Finally, the court may modify an order or decree related to the care and custody of a child if the conservator who has the exclusive right to designate the primary residence of the child has voluntarily relinquished the primary care and possession of the child to another person for at least six months. (This does not apply when the relinquishment is due to military deployment, military mobilization or temporary military duty.)

The court may also modify an order or decree related to the care, custody and support of a child within one year of the signing of that order or decree to modify the designation of the person having the right to determine the primary residence of a child if it can be shown that the child’s present environment may endanger the child’s physical health or significantly impair the child’s emotional development; that the person who has the exclusive right to designate the primary residence of the child is the person seeking or consenting to the modification and the modification is in the best interest of the child; or that the person who has the exclusive right to designate the primary residence of the child has voluntarily relinquished (or given up) the primary care and possession of the child for at least six months and the modification is in the best interest of the child.
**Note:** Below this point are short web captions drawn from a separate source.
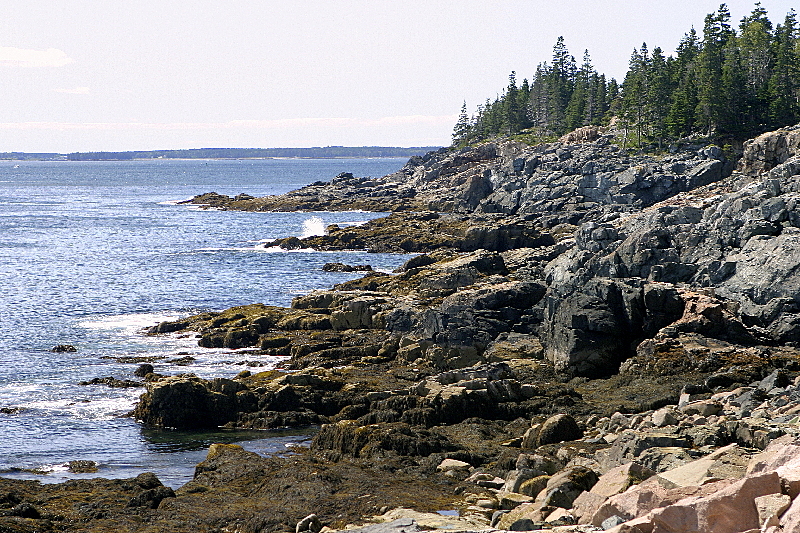 Acadia National Park, ME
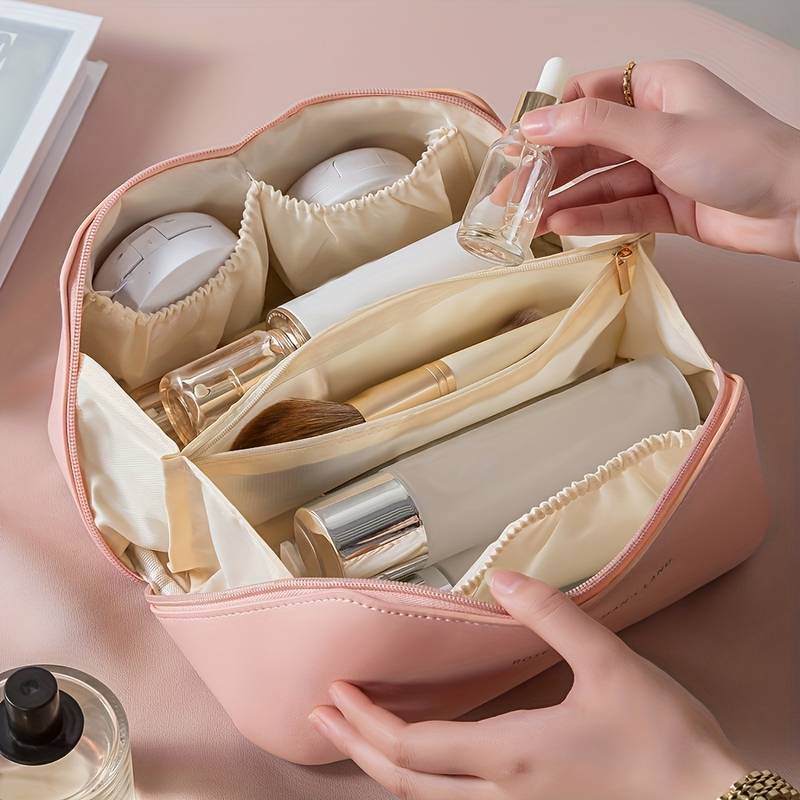 Travel Makeup Organiser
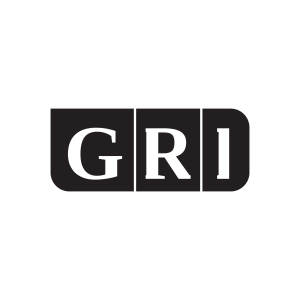 Logo for GRI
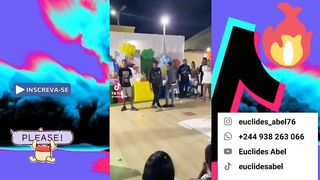 Tiktok compilation dance afro house 2023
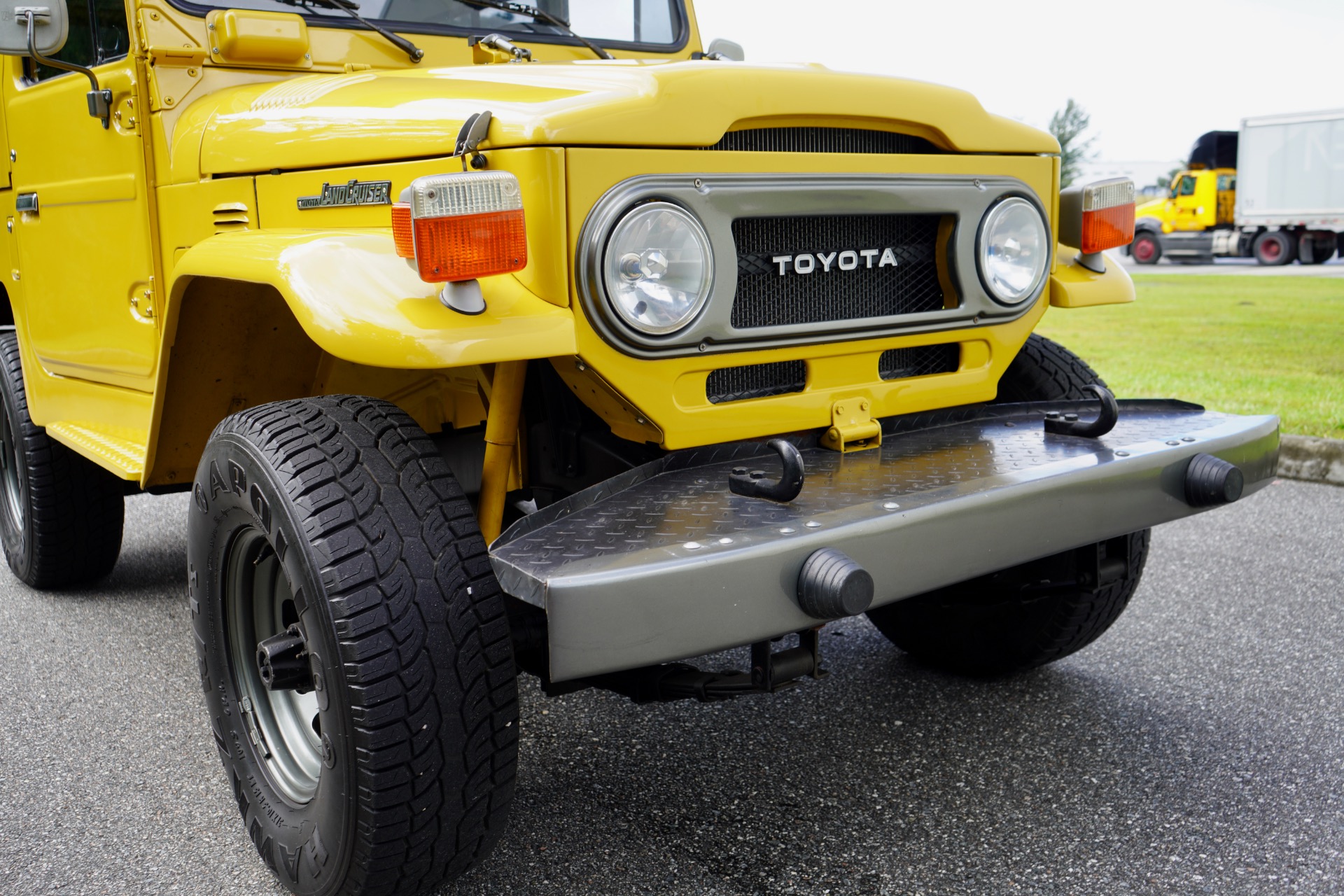 1976 Toyota LandCruiser FJ40 long-term review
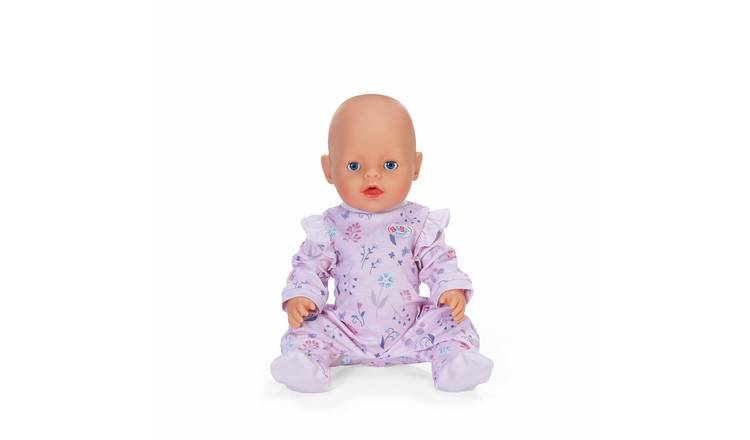 BABY born Pink Forest Doll Romper 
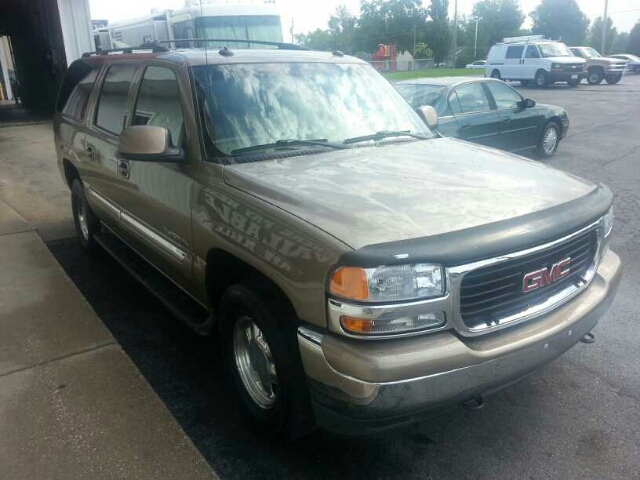 2003 GMC Yukon XL SLT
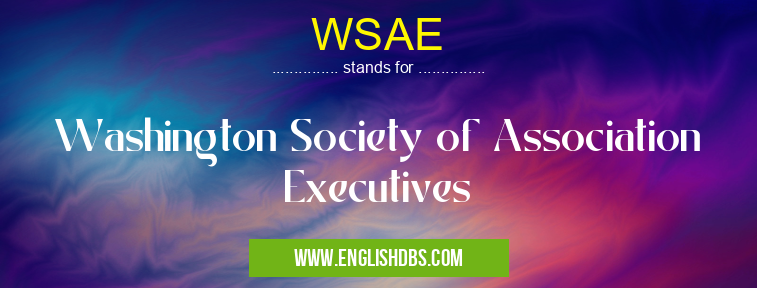 WSAE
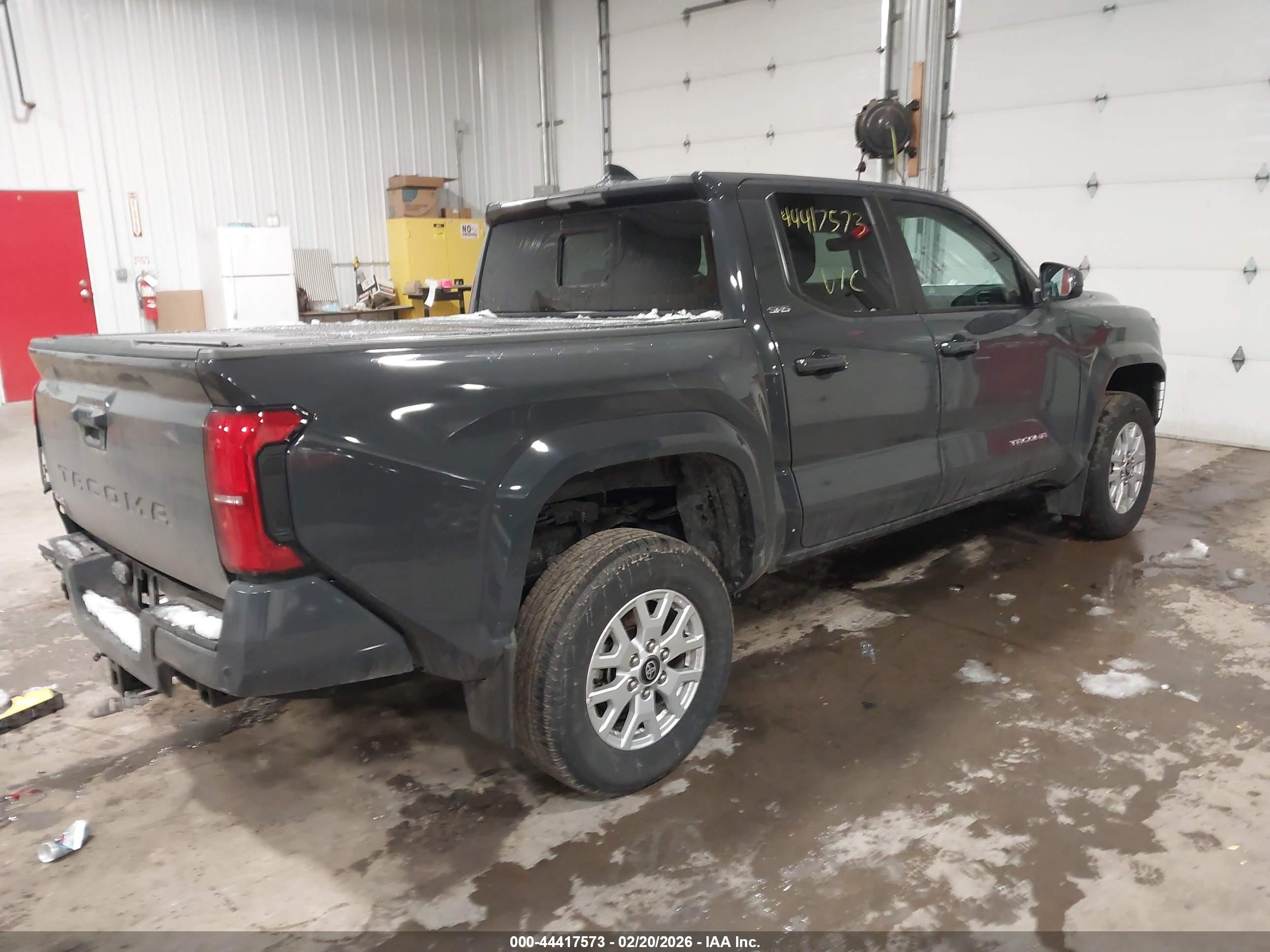 TOYOTA TACOMA image 4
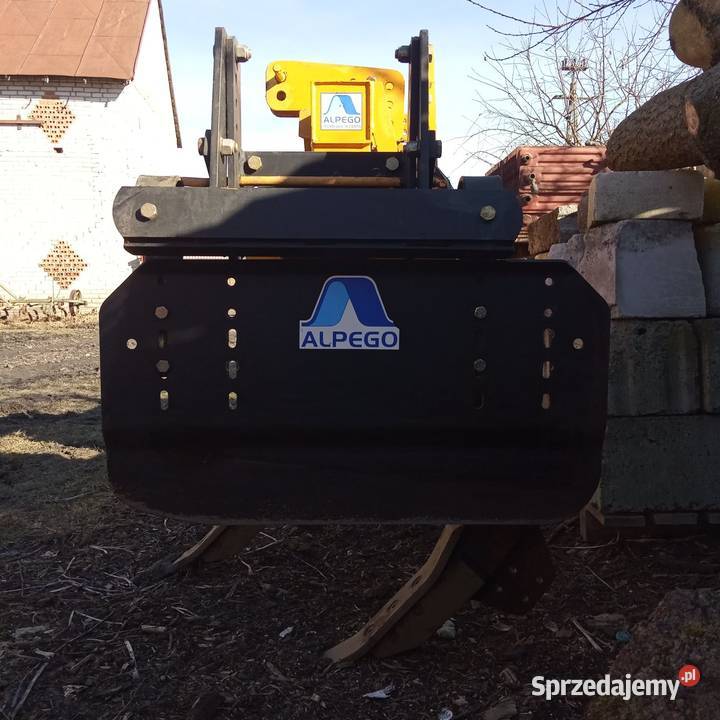 Głębosz gruber pług dłutowy Maszyny rolnicze Siedlce
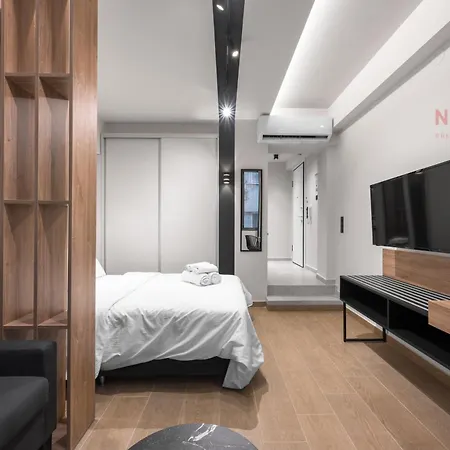 Vellow Door, Nilie Hospitality Mgmt Apartment Thessaloniki
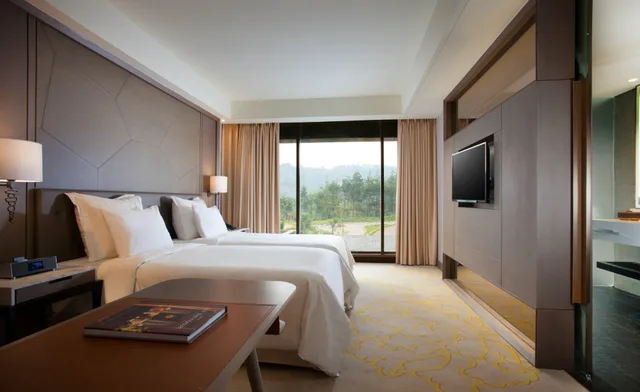 غرفة كلاسيكية، INTERCONTINENTAL BANDUNG DAGO PAKAR 1/2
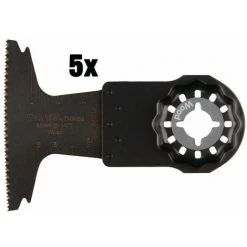 MAKITA Lame De Scie De Plongée 65mm TMA052 5STK.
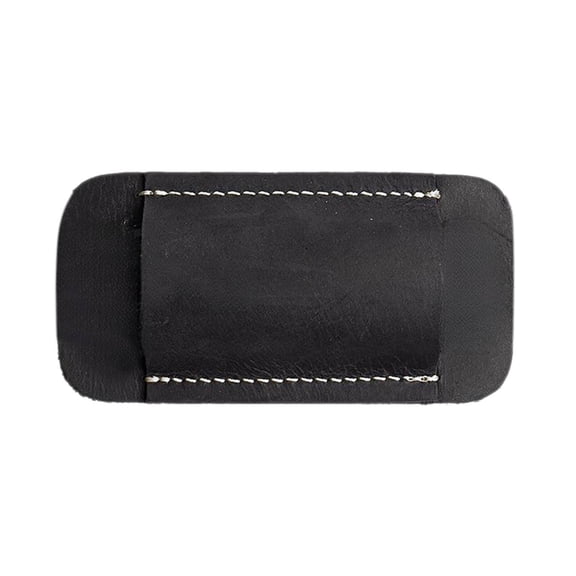 Leather Pocket Belt Handmade Holster Horizontal Carry Pocket For Outdoor Climbing Camping Hiking EDC Organizer Pouch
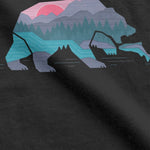 Bear Country Unisex T-Shirt-T-Shirt-MNTN Supply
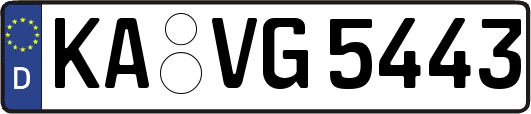 KA-VG5443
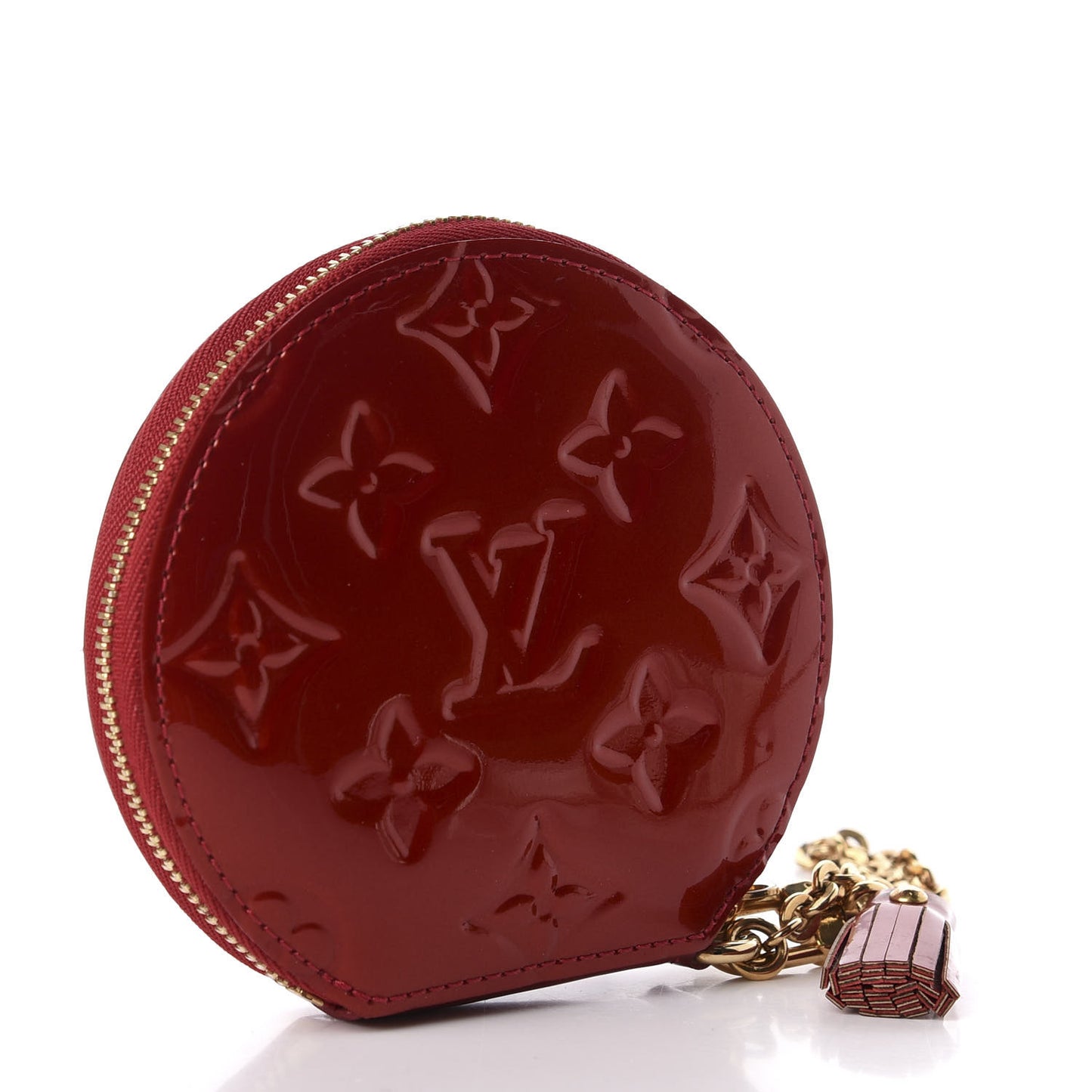 Vernis Animania Lapin Bunny Round Coin Purse Pomme D'Amour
Regarding modification of support orders for the child, the court may modify an order that provides for the support of a child, including an order for health care coverage or an order for dental care coverage, if the circumstances of the child or a person affected by the order have materially and substantially changed since the entry of the prior order or it has been three years since the order was rendered or last modified and the monthly amount of the child support award under the order differs by either 20 percent or $100 from the amount that would be awarded in accordance with the child support guidelines.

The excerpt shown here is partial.